Data shown:
──────────────────────────────

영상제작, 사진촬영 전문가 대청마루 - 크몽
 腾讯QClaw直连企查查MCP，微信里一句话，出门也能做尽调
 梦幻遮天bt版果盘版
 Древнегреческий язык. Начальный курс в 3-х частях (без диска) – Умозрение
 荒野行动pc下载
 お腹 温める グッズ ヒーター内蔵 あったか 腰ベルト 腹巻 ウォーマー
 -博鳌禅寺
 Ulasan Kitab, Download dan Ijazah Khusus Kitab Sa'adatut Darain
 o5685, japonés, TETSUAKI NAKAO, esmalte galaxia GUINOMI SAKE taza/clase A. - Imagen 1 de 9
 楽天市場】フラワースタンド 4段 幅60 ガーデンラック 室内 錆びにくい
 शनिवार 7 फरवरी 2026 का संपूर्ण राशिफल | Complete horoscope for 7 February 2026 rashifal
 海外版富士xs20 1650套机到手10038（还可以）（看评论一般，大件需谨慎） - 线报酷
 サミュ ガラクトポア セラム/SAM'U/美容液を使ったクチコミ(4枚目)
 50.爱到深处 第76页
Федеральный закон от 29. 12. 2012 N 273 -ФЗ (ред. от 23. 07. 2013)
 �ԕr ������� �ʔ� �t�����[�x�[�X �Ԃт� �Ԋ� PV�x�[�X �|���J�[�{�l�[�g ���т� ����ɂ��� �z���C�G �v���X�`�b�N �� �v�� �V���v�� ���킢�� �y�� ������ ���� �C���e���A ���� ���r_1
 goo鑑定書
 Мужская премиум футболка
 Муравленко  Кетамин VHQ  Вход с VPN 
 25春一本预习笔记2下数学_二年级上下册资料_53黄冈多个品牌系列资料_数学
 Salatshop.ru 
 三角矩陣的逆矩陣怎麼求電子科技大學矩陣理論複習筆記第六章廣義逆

──────────────────────────────

Task instructions:
Transcribe the entries exactly.

Solution:
영상제작, 사진촬영 전문가 대청마루 - 크몽
 腾讯QClaw直连企查查MCP，微信里一句话，出门也能做尽调
 梦幻遮天bt版果盘版
 Древнегреческий язык. Начальный курс в 3-х частях (без диска) – Умозрение
 荒野行动pc下载
 お腹 温める グッズ ヒーター内蔵 あったか 腰ベルト 腹巻 ウォーマー
 -博鳌禅寺
 Ulasan Kitab, Download dan Ijazah Khusus Kitab Sa'adatut Darain
 o5685, japonés, TETSUAKI NAKAO, esmalte galaxia GUINOMI SAKE taza/clase A. - Imagen 1 de 9
 楽天市場】フラワースタンド 4段 幅60 ガーデンラック 室内 錆びにくい
 शनिवार 7 फरवरी 2026 का संपूर्ण राशिफल | Complete horoscope for 7 February 2026 rashifal
 海外版富士xs20 1650套机到手10038（还可以）（看评论一般，大件需谨慎） - 线报酷
 サミュ ガラクトポア セラム/SAM'U/美容液を使ったクチコミ(4枚目)
 50.爱到深处 第76页
Федеральный закон от 29. 12. 2012 N 273 -ФЗ (ред. от 23. 07. 2013)
 �ԕr ������� �ʔ� �t�����[�x�[�X �Ԃт� �Ԋ� PV�x�[�X �|���J�[�{�l�[�g ���т� ����ɂ��� �z���C�G �v���X�`�b�N �� �v�� �V���v�� ���킢�� �y�� ������ ���� �C���e���A ���� ���r_1
 goo鑑定書
 Мужская премиум футболка
 Муравленко  Кетамин VHQ  Вход с VPN 
 25春一本预习笔记2下数学_二年级上下册资料_53黄冈多个品牌系列资料_数学
 Salatshop.ru 
 三角矩陣的逆矩陣怎麼求電子科技大學矩陣理論複習筆記第六章廣義逆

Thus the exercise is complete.